• **Task statement**
What do the lines from the top of the data through the line with "Lorell Mesh Back Task Chair 10" say? Quote them exactly and include both ends.

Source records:
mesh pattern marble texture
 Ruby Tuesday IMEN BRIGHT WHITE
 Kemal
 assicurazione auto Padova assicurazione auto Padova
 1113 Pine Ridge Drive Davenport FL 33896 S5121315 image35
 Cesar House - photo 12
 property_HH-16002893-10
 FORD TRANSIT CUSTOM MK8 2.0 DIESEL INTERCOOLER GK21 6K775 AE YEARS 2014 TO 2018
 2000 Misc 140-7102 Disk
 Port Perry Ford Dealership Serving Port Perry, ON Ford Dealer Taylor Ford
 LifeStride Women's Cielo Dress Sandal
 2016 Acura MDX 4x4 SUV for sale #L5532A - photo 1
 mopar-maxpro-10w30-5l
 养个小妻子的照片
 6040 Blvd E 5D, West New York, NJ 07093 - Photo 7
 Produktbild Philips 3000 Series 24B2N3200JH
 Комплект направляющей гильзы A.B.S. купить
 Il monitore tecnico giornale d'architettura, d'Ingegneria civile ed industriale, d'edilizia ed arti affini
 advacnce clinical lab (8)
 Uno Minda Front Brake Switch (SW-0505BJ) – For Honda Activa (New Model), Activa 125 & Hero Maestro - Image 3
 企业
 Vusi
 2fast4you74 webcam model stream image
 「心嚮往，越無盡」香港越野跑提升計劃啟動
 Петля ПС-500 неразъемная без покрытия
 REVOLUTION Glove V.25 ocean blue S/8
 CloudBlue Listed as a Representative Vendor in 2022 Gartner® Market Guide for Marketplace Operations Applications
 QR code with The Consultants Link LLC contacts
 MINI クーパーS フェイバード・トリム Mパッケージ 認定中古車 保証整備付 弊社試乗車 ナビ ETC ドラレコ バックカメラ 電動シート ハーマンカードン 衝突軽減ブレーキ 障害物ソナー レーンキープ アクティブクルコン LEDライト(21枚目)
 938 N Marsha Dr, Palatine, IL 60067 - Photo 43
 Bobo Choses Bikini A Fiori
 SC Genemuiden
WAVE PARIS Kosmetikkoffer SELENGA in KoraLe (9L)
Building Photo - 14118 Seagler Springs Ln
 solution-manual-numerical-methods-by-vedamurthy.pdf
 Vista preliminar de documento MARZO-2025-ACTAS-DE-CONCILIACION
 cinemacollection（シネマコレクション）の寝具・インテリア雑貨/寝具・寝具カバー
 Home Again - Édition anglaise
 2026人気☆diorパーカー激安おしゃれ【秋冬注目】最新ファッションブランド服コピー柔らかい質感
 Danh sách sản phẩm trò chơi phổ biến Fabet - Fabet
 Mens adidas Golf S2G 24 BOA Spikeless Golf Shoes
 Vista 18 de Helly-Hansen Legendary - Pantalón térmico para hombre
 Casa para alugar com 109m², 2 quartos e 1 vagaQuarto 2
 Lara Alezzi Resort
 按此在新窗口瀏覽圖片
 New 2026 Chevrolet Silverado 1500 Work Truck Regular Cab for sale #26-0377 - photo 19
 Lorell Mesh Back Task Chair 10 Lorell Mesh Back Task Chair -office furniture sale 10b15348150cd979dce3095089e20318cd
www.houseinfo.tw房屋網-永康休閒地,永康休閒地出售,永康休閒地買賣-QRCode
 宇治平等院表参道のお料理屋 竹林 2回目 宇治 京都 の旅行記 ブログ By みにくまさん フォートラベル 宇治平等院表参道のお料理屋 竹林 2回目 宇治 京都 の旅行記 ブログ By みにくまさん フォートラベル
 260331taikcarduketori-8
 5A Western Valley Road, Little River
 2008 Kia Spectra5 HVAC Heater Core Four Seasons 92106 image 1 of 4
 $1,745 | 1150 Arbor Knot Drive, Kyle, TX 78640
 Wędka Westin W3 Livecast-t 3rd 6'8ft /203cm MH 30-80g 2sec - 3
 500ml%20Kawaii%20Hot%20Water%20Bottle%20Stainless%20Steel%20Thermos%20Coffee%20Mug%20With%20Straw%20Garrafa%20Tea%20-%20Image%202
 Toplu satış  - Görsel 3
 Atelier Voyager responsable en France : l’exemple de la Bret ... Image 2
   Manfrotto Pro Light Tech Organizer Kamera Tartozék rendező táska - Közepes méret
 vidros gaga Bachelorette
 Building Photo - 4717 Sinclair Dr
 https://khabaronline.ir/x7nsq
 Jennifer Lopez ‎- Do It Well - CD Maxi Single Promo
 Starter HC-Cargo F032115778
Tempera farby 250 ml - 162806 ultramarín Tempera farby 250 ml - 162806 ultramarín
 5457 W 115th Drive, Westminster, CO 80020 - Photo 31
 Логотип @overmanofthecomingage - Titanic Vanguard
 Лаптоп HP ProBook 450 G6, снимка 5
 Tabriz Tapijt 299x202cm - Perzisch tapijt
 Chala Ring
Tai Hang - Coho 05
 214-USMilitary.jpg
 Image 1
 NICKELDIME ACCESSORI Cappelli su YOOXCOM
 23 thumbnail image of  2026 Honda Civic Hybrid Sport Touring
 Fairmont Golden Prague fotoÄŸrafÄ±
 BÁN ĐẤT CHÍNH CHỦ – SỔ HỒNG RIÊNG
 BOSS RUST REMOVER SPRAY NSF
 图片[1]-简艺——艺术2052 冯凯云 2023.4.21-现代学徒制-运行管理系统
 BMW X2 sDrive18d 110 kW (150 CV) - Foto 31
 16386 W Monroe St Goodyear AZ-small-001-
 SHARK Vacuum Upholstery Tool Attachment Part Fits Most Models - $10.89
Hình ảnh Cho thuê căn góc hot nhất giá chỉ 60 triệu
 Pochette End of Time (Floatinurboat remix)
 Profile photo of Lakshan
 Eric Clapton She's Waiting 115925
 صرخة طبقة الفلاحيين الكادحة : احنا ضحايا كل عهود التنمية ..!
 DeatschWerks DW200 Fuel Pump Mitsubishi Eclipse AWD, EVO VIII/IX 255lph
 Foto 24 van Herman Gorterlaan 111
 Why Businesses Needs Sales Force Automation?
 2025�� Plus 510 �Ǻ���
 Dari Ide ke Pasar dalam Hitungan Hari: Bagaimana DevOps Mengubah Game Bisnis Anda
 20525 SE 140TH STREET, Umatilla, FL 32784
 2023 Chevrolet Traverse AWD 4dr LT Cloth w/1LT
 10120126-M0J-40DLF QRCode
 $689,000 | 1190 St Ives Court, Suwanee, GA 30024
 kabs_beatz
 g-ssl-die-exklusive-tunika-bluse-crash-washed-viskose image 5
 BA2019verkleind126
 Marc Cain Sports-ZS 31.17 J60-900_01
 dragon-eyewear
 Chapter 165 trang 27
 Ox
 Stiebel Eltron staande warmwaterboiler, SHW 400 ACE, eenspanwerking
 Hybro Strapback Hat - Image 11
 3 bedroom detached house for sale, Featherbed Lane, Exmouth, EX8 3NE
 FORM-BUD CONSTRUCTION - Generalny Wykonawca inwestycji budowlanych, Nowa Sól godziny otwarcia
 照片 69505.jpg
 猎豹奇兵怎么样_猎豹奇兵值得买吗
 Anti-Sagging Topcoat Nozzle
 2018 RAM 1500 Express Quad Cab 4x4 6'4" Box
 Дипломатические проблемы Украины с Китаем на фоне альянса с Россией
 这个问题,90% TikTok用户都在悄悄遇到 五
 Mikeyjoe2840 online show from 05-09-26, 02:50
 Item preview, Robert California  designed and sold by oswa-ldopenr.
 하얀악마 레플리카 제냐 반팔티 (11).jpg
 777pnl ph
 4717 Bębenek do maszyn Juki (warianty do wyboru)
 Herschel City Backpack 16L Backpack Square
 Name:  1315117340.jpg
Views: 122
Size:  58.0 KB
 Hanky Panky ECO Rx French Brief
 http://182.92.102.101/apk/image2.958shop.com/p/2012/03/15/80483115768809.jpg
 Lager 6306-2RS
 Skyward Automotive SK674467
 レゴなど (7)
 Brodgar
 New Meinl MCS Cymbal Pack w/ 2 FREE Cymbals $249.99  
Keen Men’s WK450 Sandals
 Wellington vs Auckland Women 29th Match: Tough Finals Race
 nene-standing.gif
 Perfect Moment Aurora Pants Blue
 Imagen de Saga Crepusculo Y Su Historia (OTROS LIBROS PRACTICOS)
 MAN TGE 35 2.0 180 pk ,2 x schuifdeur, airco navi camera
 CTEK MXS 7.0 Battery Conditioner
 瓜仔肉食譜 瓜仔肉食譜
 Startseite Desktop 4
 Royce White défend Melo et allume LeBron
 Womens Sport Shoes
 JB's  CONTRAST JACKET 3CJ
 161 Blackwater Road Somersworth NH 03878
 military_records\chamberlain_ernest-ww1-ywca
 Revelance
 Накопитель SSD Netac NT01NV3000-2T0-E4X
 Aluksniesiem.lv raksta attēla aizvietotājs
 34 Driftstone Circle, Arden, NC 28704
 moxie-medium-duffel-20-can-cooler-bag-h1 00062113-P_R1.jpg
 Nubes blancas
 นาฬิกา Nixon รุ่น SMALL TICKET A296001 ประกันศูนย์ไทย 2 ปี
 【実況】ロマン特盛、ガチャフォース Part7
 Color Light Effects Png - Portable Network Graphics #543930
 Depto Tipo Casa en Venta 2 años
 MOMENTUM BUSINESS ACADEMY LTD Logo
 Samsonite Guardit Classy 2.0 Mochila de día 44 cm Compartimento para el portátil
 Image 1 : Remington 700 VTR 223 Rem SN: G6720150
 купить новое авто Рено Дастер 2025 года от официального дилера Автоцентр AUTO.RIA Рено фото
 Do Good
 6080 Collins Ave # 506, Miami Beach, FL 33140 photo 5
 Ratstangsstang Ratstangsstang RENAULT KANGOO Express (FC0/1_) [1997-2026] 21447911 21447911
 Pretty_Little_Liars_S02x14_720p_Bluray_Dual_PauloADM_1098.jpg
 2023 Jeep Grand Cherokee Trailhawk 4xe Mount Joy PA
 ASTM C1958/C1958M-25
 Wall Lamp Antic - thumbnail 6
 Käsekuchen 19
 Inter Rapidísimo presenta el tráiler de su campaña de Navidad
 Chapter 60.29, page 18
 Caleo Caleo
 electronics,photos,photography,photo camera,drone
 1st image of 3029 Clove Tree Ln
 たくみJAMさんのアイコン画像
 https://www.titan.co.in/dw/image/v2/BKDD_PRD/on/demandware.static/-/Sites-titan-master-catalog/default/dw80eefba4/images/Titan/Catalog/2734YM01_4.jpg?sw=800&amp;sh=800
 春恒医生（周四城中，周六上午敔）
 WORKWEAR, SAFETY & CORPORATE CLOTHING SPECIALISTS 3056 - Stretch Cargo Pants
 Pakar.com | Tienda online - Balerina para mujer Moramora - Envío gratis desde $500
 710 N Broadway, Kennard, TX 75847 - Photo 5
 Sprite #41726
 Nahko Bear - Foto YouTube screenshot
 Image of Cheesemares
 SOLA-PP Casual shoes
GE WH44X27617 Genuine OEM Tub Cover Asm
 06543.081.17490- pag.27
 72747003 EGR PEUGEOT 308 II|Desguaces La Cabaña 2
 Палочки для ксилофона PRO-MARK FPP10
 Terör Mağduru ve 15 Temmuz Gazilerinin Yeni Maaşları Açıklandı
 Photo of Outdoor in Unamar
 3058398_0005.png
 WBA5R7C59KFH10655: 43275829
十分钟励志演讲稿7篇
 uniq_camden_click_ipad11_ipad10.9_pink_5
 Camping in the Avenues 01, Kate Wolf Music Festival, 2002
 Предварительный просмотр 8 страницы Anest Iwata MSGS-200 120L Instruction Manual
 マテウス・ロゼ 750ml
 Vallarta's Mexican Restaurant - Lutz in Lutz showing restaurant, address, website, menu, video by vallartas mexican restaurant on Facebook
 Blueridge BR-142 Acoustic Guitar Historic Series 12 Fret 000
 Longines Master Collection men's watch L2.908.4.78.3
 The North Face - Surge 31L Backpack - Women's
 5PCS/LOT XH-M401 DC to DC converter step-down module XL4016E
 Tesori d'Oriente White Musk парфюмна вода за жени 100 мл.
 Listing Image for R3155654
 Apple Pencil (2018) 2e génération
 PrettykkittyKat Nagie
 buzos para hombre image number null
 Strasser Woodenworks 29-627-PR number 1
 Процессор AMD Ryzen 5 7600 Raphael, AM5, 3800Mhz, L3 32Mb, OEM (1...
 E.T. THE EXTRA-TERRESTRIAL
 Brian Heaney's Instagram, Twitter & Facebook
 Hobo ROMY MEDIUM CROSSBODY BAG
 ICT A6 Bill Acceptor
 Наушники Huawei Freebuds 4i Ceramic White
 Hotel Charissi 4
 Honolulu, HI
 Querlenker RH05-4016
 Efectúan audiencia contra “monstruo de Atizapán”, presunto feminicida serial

• **Solved problem**
mesh pattern marble texture
 Ruby Tuesday IMEN BRIGHT WHITE
 Kemal
 assicurazione auto Padova assicurazione auto Padova
 1113 Pine Ridge Drive Davenport FL 33896 S5121315 image35
 Cesar House - photo 12
 property_HH-16002893-10
 FORD TRANSIT CUSTOM MK8 2.0 DIESEL INTERCOOLER GK21 6K775 AE YEARS 2014 TO 2018
 2000 Misc 140-7102 Disk
 Port Perry Ford Dealership Serving Port Perry, ON Ford Dealer Taylor Ford
 LifeStride Women's Cielo Dress Sandal
 2016 Acura MDX 4x4 SUV for sale #L5532A - photo 1
 mopar-maxpro-10w30-5l
 养个小妻子的照片
 6040 Blvd E 5D, West New York, NJ 07093 - Photo 7
 Produktbild Philips 3000 Series 24B2N3200JH
 Комплект направляющей гильзы A.B.S. купить
 Il monitore tecnico giornale d'architettura, d'Ingegneria civile ed industriale, d'edilizia ed arti affini
 advacnce clinical lab (8)
 Uno Minda Front Brake Switch (SW-0505BJ) – For Honda Activa (New Model), Activa 125 & Hero Maestro - Image 3
 企业
 Vusi
 2fast4you74 webcam model stream image
 「心嚮往，越無盡」香港越野跑提升計劃啟動
 Петля ПС-500 неразъемная без покрытия
 REVOLUTION Glove V.25 ocean blue S/8
 CloudBlue Listed as a Representative Vendor in 2022 Gartner® Market Guide for Marketplace Operations Applications
 QR code with The Consultants Link LLC contacts
 MINI クーパーS フェイバード・トリム Mパッケージ 認定中古車 保証整備付 弊社試乗車 ナビ ETC ドラレコ バックカメラ 電動シート ハーマンカードン 衝突軽減ブレーキ 障害物ソナー レーンキープ アクティブクルコン LEDライト(21枚目)
 938 N Marsha Dr, Palatine, IL 60067 - Photo 43
 Bobo Choses Bikini A Fiori
 SC Genemuiden
WAVE PARIS Kosmetikkoffer SELENGA in KoraLe (9L)
Building Photo - 14118 Seagler Springs Ln
 solution-manual-numerical-methods-by-vedamurthy.pdf
 Vista preliminar de documento MARZO-2025-ACTAS-DE-CONCILIACION
 cinemacollection（シネマコレクション）の寝具・インテリア雑貨/寝具・寝具カバー
 Home Again - Édition anglaise
 2026人気☆diorパーカー激安おしゃれ【秋冬注目】最新ファッションブランド服コピー柔らかい質感
 Danh sách sản phẩm trò chơi phổ biến Fabet - Fabet
 Mens adidas Golf S2G 24 BOA Spikeless Golf Shoes
 Vista 18 de Helly-Hansen Legendary - Pantalón térmico para hombre
 Casa para alugar com 109m², 2 quartos e 1 vagaQuarto 2
 Lara Alezzi Resort
 按此在新窗口瀏覽圖片
 New 2026 Chevrolet Silverado 1500 Work Truck Regular Cab for sale #26-0377 - photo 19
 Lorell Mesh Back Task Chair 10 Lorell Mesh Back Task Chair -office furniture sale 10b15348150cd979dce3095089e20318cd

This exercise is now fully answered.